» YOUR OBJECTIVE
Skip every picture, then write out exactly the lines of the listing below from the line that contains "Ladivine CD0102 Dress Long Sleeve Layered Tulle A-Line" through the final line.

[[ DATASET RECORDS open ]]

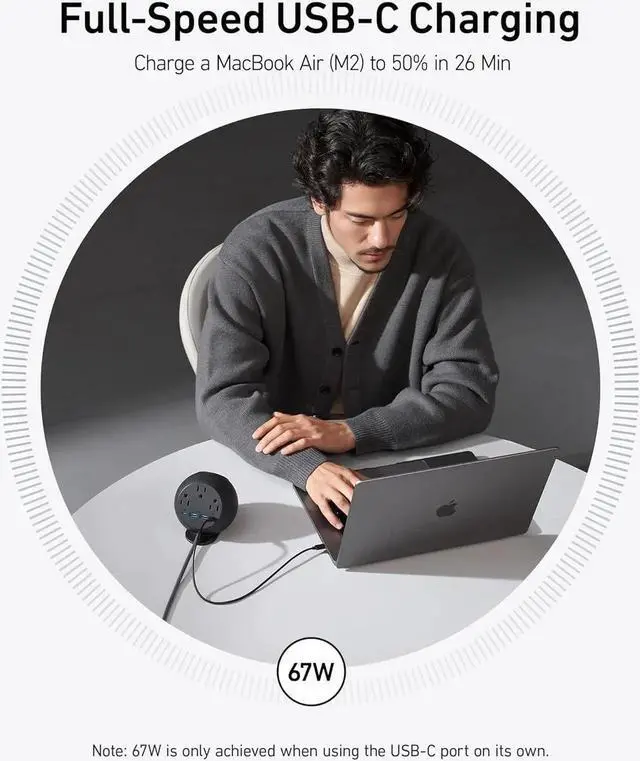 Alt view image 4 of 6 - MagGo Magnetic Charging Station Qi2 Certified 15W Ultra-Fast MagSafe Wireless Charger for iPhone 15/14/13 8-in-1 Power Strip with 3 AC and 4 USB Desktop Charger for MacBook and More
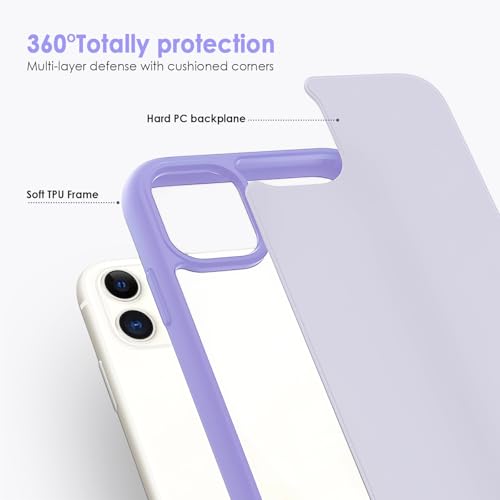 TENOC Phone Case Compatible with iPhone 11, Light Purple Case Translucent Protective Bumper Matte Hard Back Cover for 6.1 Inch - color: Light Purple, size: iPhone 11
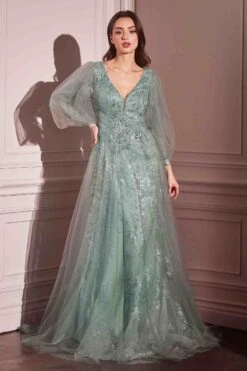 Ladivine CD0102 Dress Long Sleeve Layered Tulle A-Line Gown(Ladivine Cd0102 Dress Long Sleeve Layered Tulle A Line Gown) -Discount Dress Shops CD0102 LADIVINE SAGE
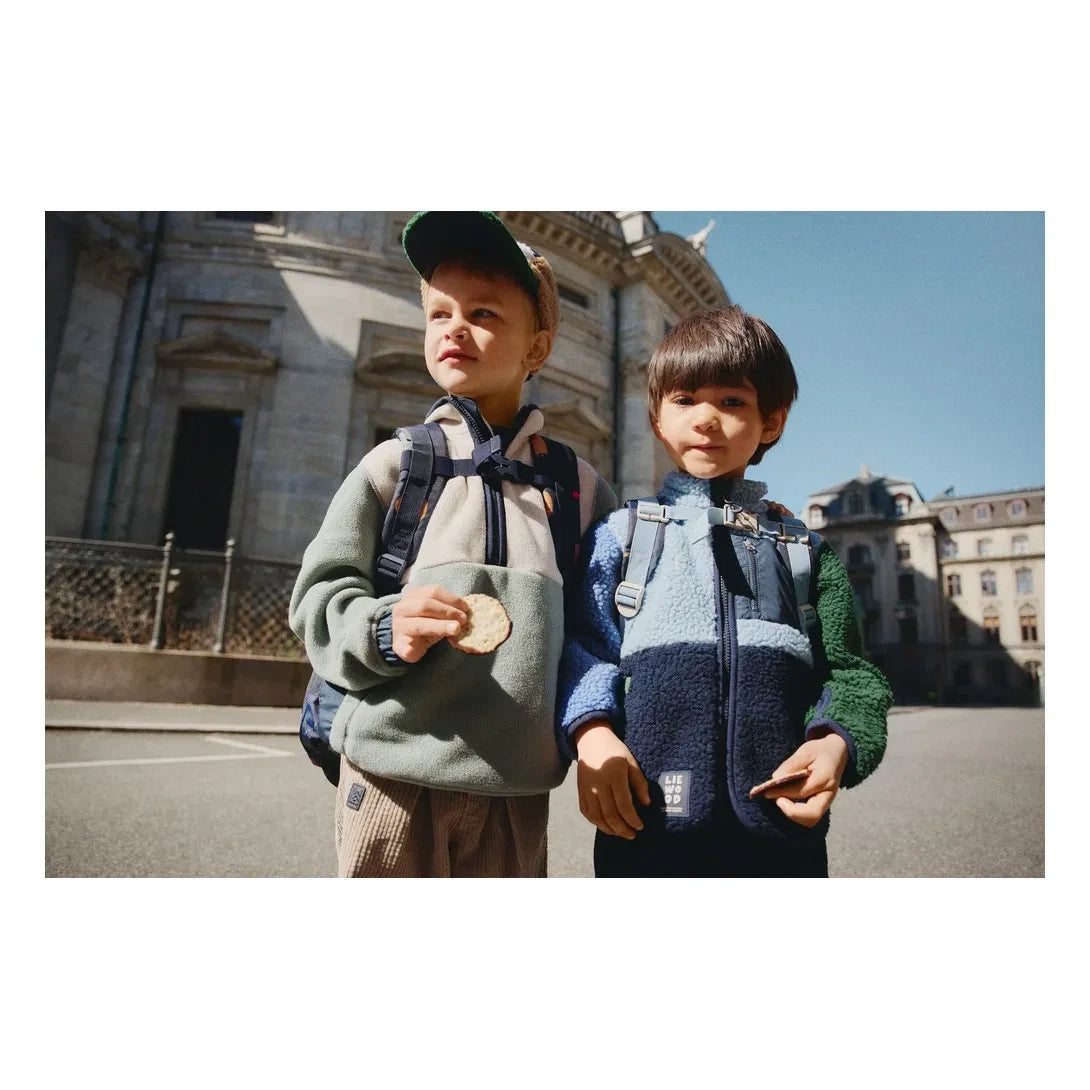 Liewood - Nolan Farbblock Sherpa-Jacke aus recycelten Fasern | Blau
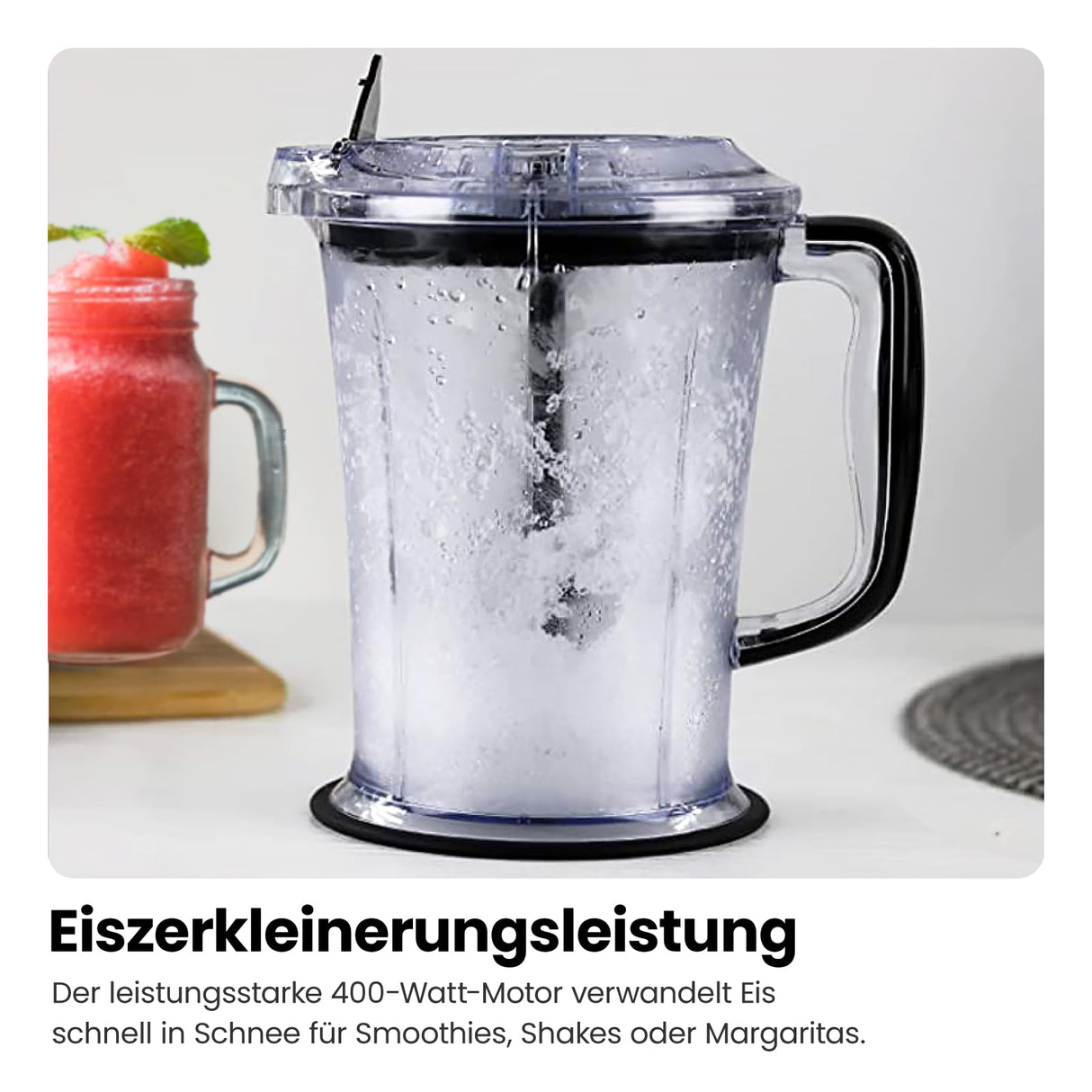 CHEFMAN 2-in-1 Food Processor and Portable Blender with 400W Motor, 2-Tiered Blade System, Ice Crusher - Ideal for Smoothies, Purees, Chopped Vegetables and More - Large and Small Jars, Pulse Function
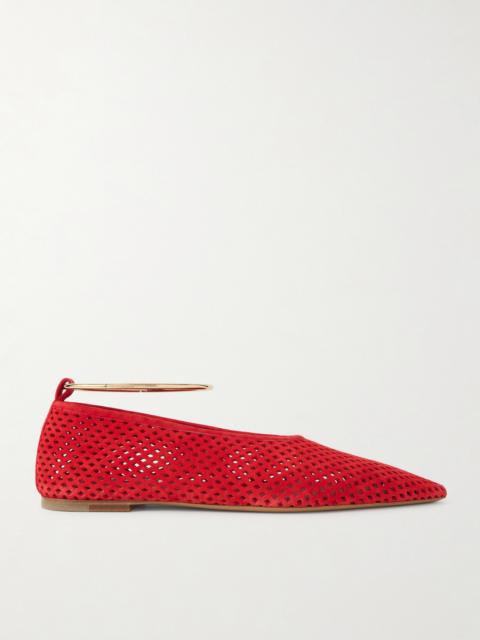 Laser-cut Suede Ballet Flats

[[ DATASET RECORDS closed ]]

» SOLUTION TO THIS TASK
 Ladivine CD0102 Dress Long Sleeve Layered Tulle A-Line Gown(Ladivine Cd0102 Dress Long Sleeve Layered Tulle A Line Gown) -Discount Dress Shops CD0102 LADIVINE SAGE
 Liewood - Nolan Farbblock Sherpa-Jacke aus recycelten Fasern | Blau
 CHEFMAN 2-in-1 Food Processor and Portable Blender with 400W Motor, 2-Tiered Blade System, Ice Crusher - Ideal for Smoothies, Purees, Chopped Vegetables and More - Large and Small Jars, Pulse Function
 Laser-cut Suede Ballet Flats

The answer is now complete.